The Huntsville Police Department would neither confirm nor deny that a police report was filed, citing confidentiality restrictions. The Rocket Center said it couldn’t confirm that an employee’s car had been shot at. One of my sources speculated that the center’s leadership is worried about losing funding, and is therefore opting not to confirm any specific threats or violence.

The employees I spoke to don’t feel like management is showing up for them when they feel particularly vulnerable. One employee told me that a recent policy change prohibits employees from wearing any pins other than those provided by NASA. Many of the non-NASA pins that employees wore were Pride- and pronoun-related.

“Regarding pins staffers may wear, it has been a long-standing policy that pins and other embellishments focus on and don’t distract from our mission,” a Rocket Center representative said. According to the workers I talked to, their pins weren’t previously policed.
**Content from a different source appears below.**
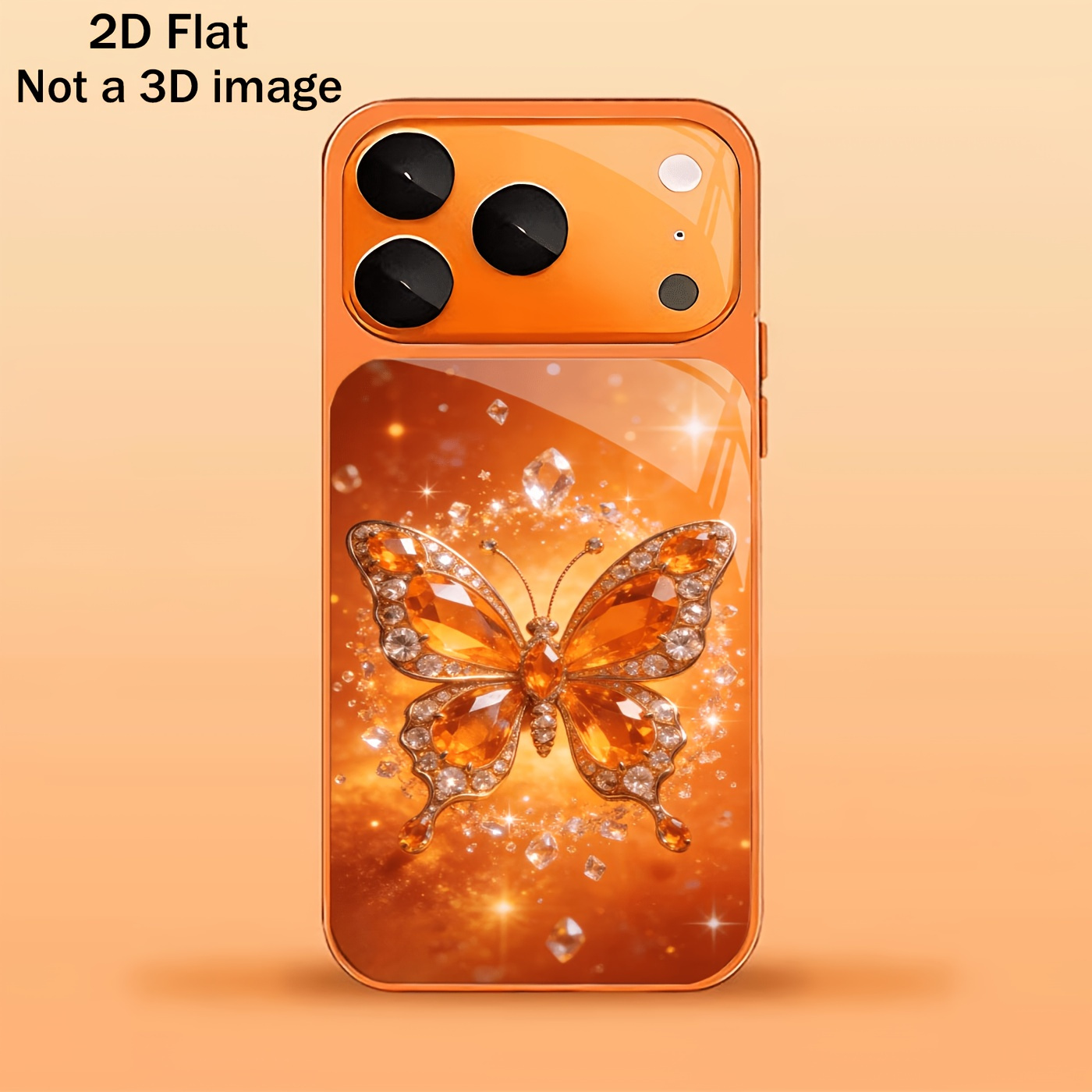 TEMU Phone Case - 2dflat Orange Golden Gorgeous Pattern, Orange Glass Phone Case, Suitable For Iphone17/17pro/17air, 16/16pro/16promax/16plus,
All in all, I believe that the center missed an opportunity to really stand up for Bowman and queer employees as a whole. Staff there are limited in what they’re allowed to say, and the political pressure brought against them has been significant. Still, the higher-ups have a duty to protect all employees, especially given the widely held attitudes about queer people in the state of Alabama.

“Shame on the transphobic politicians that want to kick out the LGBTQ+ [employees],” one employee I spoke to said. In my opinion, calling for someone’s termination without any facts to back up that action is irresponsible at best and blatant discrimination at worst.

If the politicians who are so up in arms about a trans person working at the Space & Rocket Center want to protect children ― as they claim ― then they need to protect all children. Keep religion-based ideology out of the classroom and out of integral programs like Space Camp. Allow for safe spaces for queer kids to feel seen and worthy of education and love. The separation of church and state exists for a reason, and dismantling that freedom is inherently un-American. It’s about time that political leaders in this country stop weaponizing religion to justify agendas based on personal bigotry.

If one person’s hateful comments hadn’t snowballed, and politicians and hate groups hadn’t bullied Bowman, maybe she wouldn’t now feel like she needs to pack up and leave her state — along with her job, friends and family — to feel safe. But that’s what she feels she has to do.

Due to recent events and media coverage I no longer feel safe living in Alabama,” she wrote in a note on a GoFundMe drive. “This move is not just a change of scenery; it’s a crucial step towards rebuilding my life and securing a stable future.”

Queer people should be allowed to live, work and thrive in every single state. What will it take to get us there?